Detection of “critical biomarkers—including pTau-217, GFAP (glial fibrillary acidic protein), NEFL (neurofilament light polypeptide) and alpha-synuclein.”
The NULISAseq test works with “a proprietary sequential immunocomplex capture and release mechanism and the latest advances in next-generation sequencing,” according to the company.
Inside Precision Medicine noted that the Alamar Biosciences assay enabled Pitt scientists to detect:
Biomarkers (usually found in CSF) “correlating with patients’ amyloid positivity status and changes in amyloid burden over time,” and,
Biomarkers including “neuroinflammation, synaptic function, and vascular health, which had not previously been validated in blood samples.”

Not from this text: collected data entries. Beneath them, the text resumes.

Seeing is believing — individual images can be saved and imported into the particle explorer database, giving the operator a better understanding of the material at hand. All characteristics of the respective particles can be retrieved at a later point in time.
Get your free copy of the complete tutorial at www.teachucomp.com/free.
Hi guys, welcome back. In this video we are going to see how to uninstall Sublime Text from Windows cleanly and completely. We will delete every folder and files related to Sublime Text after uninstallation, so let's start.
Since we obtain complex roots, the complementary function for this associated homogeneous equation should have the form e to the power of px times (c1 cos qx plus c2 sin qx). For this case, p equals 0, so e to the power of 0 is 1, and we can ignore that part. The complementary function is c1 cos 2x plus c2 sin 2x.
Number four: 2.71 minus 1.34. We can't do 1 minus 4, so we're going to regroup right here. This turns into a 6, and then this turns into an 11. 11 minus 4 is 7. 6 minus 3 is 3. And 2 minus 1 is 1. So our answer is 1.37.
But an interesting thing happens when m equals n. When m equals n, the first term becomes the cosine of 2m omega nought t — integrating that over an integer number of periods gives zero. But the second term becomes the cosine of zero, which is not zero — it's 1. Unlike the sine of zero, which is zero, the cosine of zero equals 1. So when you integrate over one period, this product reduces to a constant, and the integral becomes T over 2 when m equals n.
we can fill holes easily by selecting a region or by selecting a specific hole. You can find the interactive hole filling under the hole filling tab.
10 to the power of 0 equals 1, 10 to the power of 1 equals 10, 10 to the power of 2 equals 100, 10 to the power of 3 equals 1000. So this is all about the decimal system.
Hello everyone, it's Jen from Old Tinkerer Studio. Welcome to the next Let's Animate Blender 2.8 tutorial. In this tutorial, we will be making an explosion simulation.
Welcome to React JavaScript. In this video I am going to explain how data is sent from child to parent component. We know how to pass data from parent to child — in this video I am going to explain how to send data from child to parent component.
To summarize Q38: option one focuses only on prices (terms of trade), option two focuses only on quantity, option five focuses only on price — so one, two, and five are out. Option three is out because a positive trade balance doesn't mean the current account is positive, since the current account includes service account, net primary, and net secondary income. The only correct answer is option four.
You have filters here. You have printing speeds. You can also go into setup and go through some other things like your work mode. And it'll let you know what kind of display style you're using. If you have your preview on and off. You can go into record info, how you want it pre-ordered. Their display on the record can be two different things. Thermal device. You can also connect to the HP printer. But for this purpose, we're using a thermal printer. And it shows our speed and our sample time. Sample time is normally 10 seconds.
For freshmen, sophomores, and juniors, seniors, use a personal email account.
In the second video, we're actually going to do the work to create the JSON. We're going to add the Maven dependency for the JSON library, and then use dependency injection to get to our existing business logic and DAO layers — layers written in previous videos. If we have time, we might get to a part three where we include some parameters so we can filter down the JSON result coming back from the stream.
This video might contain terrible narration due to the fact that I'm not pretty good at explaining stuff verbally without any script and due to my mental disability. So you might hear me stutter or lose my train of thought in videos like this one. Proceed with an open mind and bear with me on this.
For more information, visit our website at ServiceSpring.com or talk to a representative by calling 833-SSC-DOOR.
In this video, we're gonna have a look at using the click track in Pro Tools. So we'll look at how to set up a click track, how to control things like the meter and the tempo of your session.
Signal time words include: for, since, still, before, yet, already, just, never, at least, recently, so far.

“The performance of the NULISA platform was independently validated against conventional assays for classic Alzheimer’s biomarkers for each sample. Biomarker profiles over two years were also compared with imaging-based measures of amyloid, tau, and neurodegeneration,” LabMedica reported.
Opportunity to Track Alzheimer’s
Karikari sees the diagnostic platform being used to track individuals’ blood biomarker changes over time.
In their Molecular Neurodegeneration paper, the Pitt researchers wrote, “These (results) were not limited to markers such as pTau217, p-Tau231, p-Tau181, and GFAP, the elevation of which have consistently shown strong associations with brain Aβ [amyloid beta] and/or tau load, but included novel protein targets that inform about the disease state of the individual in different pathological stages across the biological Alzheimer’s disease continuum.”
About seven million Americans are affected by Alzheimer’s disease, according to the Alzheimer’s Association, which estimated that figure will grow to 13 billion by 2050.
Further studies by Karikari may include larger samples and greater diversity among the people studied, Inside Precision Medicine noted.
“[Karikari’s] lab is developing a predictive model that correlates biomarker changes detected using NULISAseq with brain autopsy data and cognitive assessments collected over the course of several years. Their goal is to identify blood biomarkers that can help stage the disease and predict its progression, both for decision-making around clinical management and treatment plans,” the Pitt news release states.
The Pitt scientists have developed a multiplex test that works with 100 different genetic sequences associated with Alzheimer’s. Such advances in the understanding of the human genome are giving scientists the opportunity to combine newly identified gene sequences that have a role in specific disease states.
In turn, as further studies validate the value of these biomarkers for diagnosing disease and guiding treatment decisions, clinical laboratories will have new assays that deliver more value to referring physicians and their patients.